Como vimos acima, no âmbito da Previdência Complementar, o Estado assumiu o tríplice papel de ORGANIZADOR, COORDENADOR e FISCAL do Regime da Previdência Complementar.

Não esqueçamos que o ESTADO BRASILEIRO é um ESTADO DO BEM ESTAR SOCIAL. Essa característica ele começou a revestir há quase um século, com a edição da famosa Lei Eloy Chaves. Ele quis realizar através de um modelo único, no início da década de 30 do século passado, quando criou os Institutos de Aposentadoria e Pensão. Ousou até mesmo comprometer-se com aposentadorias no valor dos rendimentos de trabalho, pagos pelo Regime Único de Previdência Social, na década de 50 do século passado.

Infelizmente, o Regime Único de Previdência Social fracassou na consecução desse objetivo do Estado de Bem Estar Social. Mas, o Estado Brasileiro não se deu por vencido. Avocou para si, na década de 70 do século passado, garantir a realização desse ideal da Previdência Social no nível da renda da fase ativa do trabalhador, graças ao duplo regime da Previdência Social, o Geral e o Complementar. E consagrou-o na Constituição do Bem Estar Social de 1988.

O Estado Brasileiro nos diz aqui, neste inciso do artigo 3º da LC 109, que ele é a GARANTIA da REALIZAÇÃO DESSE DIREITO: O DIREITO DE O TRABALHADOR PERCEBER, NA FASE DA INATIVIDADE, A RENDA DA FASE DA ATIVIDADE! E para isso ele assume a OBRIGAÇÃO de organizar, coordenar e fiscalizar o Regime de Previdência Complementar.

- “PROTEGER OS INTERESSES DOS PARTICIPANTES E ASSISTIDOS DOS PLANOS DE BENEFÍCIOS.”

E o Estado Brasileiro, tão longa já era a experiência de quão árdua é essa tarefa da realização da Previdência Social, avocou para si explicitamente o papel de PROTETOR DOS INTERESSES DOS PATICIPANTES E ASSISTIDOS DOS PLANOS DE BENEFÍCIOS.

Ele sabe que existem outros muitos interessados nos recursos da Previdência Complementar: o sistema financeiro, os empresários, os patrocinadores e instituidores de EFPC, os fundadores de EFPC, os indivíduos que são participantes e assistidos de EFPC, os trabalhadores das EFPC, os administradores das EFPC, os servidores públicos que coordenam e fiscalizam o Regime da Previdência Complementar, e o próprio Governo. O Estado Brasileiro, então, afirma, alto e bom som, que é o Protetor dos interesses dos Participantes e Assistidos dos Planos de Benefícios contra todos esses interesses, até mesmo contra os interesses do próprio Governo!

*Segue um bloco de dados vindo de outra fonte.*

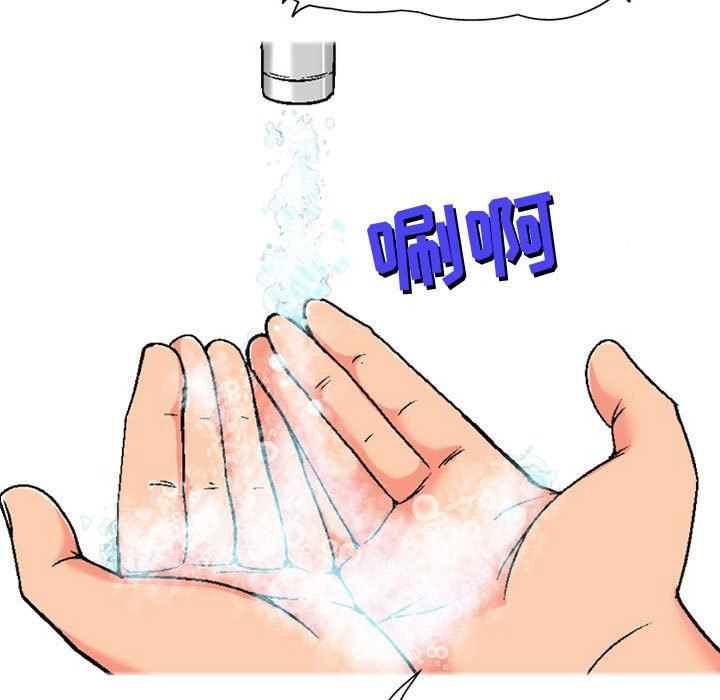 82.jpg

Por que essa afirmação final, esse fecho do artigo que configura o papel do Estado no Regime da Previdência Complementar? Porque o Estado Brasileiro conhece, por experiência própria neste quase século de história do Regime de Previdência Social Brasileira, a existência, bem como a força maquiavélica de todos esses interesses conflitantes, em contraste com a fraqueza dos Participantes e Assistidos, no tocante à defesa de seus interesses previdenciários. Ele sabia que, ao longo da história, o patrimônio da EFPC, dos Planos de Benefícios Previdenciários, seria objeto de assédio ininterrupto.

E o que decidiu o Estado Brasileiro? Eu sou o Protetor dos interesses dos Participantes e Assistidos dos Planos de Benefícios, afirmou alto e bom som. Ninguém ouse prejudicar-lhes os interesses, nem mesmo o Governo: o Governo, ao contrário, tem a obrigação de proteger esses interesses.

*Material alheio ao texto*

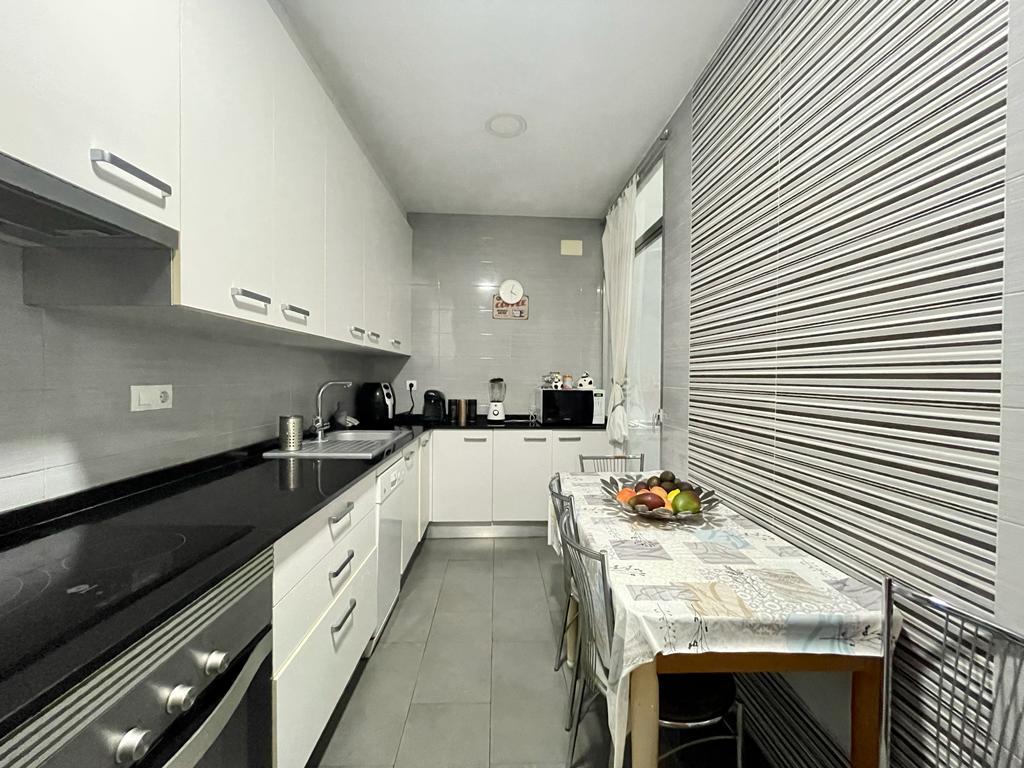 Venta de casa en Castellón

Leitor paciente, que suportou acompanhar-me até aqui nessa extensa análise desses dois artigos da LC 109, o primeiro e o terceiro, responda-me com espírito isento de qualquer preconceito:

Pode-se, ante a expressão textual desses dois artigos, sustentar a LEGALIDADE do instituto da REVERSÃO DE VALORES, seja de que tipo for, DIRETA ou INDIRETA? É patente, não é verdade?, que a REVERSÃO DE VALORES, seja ela qual for, DIRETA ou INDIRETA, será SEMPRE uma vantagem, isto é, um BENEFÍCIO para o PATROCINADOR, às CUSTAS DE UM MALEFÍCIO para o PARTICIPANTE e o ASSISTIDO!

É patente que a REVERSÃO DE VALORES, seja ela qual for, DIRETA ou INDIRETA é um ato de proteção dos interesses do Patrocinador contra os interesses dos Participante e Assistidos. É, nos termos da expressão usada no texto que venho analisando nestes últimos trabalhos, um ATENTADO CONTRA O PAPEL DO GOVERNO NO REGIME DA PREVIDÊNCIA COMPLEMENTAR! Papel que lhe foi imposto pelo Governo, segundo a expressão textual da LC 109. E, portanto, usando também expressão do mesmo texto analisado, DEVE, por isso, SER FULMINADA.